Adaptive landscapes on trees
G.G. Simpson's phenotypic adaptive landscape provides a conceptual framework for understanding the dynamics of trait evolution on both micro and macroevolutionary scales. This framework has been formalized at microevolutionary scales in the empirically-validated framework of evolutionary quantitative genetics. Futhermore, hypotheses regarding the macroevolutionary adaptive landscape have been applied to patterns of trait diversification at macroevolutionary scales. We work to better understand when, why and how adaptive landscapes change at macroevolutionary scales, and why these shifts occur.
We have developed an approach that uses Bayesian reversible-jump MCMC to detect shifts in the macroevolutionary adaptive landscape. The method is implemented in the software package bayou, which we are continuing to develop. Besides detecting shifts in adaptive landscapes, the Bayesian approach also enables users to use informative priors for analyzing trait evolution--providing a means to connect macroevolutionary models to biologically realistic parameter estimates. Our goal is to provide a variety of tools for understanding adaptive evolution on trees that integrate data from paleontological studies, neontological time-series, estimates of selection and genetic (co)variation, performance landscapes, and phylogenetic comparative data that can be used to better understand (multivariate) trait evolution.
Recently, we have further expanded bayou to detect shifts in allometric scaling relationships. The relationship between body size and metabolism, for example, is a well-studied relationship that is central to the Metabolic Theory of Ecology. We develop an approach that can test for the universality of the slope and intercept of allometric scaling relationships without specifying a priori the location of shifts. This enables us to understand when, where and (potentially) why shifts in allometries occur. We can then use Bayesian model selection to determine if ecological or life history predictors can explain away clade-level shifts, providing insight into the potential causes of changing scaling relationships. Our goal is to understand how changes in the environment and traits of organisms have resulted in fundamental changes in the flow of energy through organisms over the course of evolutionary history.
Many phenotypic traits of interest are only available in discrete character codings, which present a challenge for comparative biologists as they contain less information than continuous traits. My lab seeks to build tools that can find common patterns of divergence and diversification between discrete characters. In a recent study, we showed concerted evidence across traits for shifts in evolutionary rates that roughly align with the timing of the Great and Neoproterozoic oxygenation events in the history of cyanobacteria.
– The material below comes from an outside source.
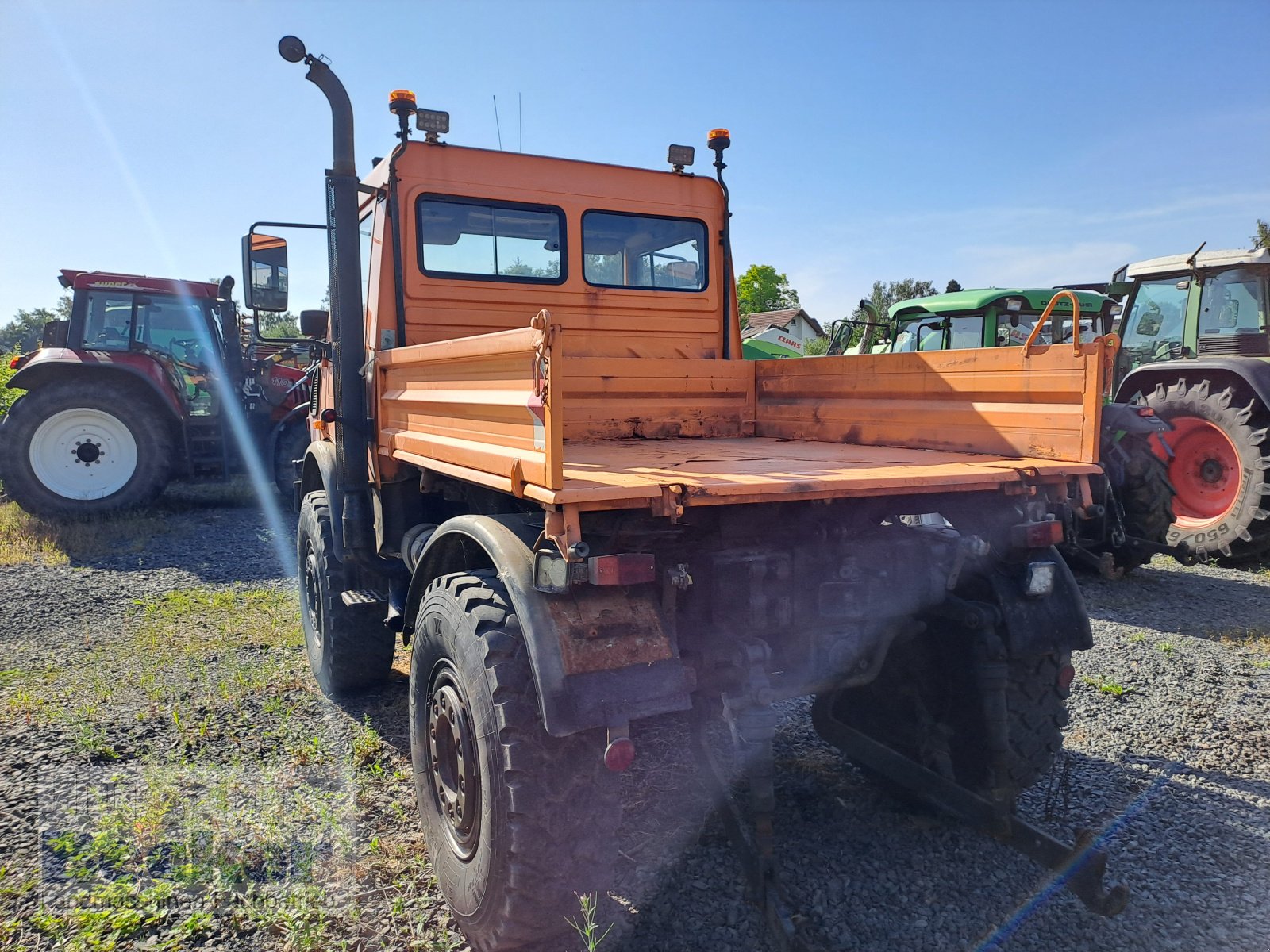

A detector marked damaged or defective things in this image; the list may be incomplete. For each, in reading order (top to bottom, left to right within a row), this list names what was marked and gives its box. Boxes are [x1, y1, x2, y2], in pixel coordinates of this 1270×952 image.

rusty metal surface [543, 589, 680, 680]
We are working to further address the challenge of detecting and understanding the consequences of shared dynamics between discrete traits, in particular by leveraging the information found in phenotypic ontologies.
Quantitative Genetic Models
In addition to taking a top-down approach through phylogenetic comparative methods, Quantitative genetic theory provides a "bottom-up" approach for understanding connecting trait evolutionary models to make macroevolutionary predictions. Understanding how genetic (co)variation, selection and heterogenous adaptive landscapes lead to macroevolutionary consequences such as speciation and trait evolution are crucial questions for understanding when and why traits evolve, and when they do not.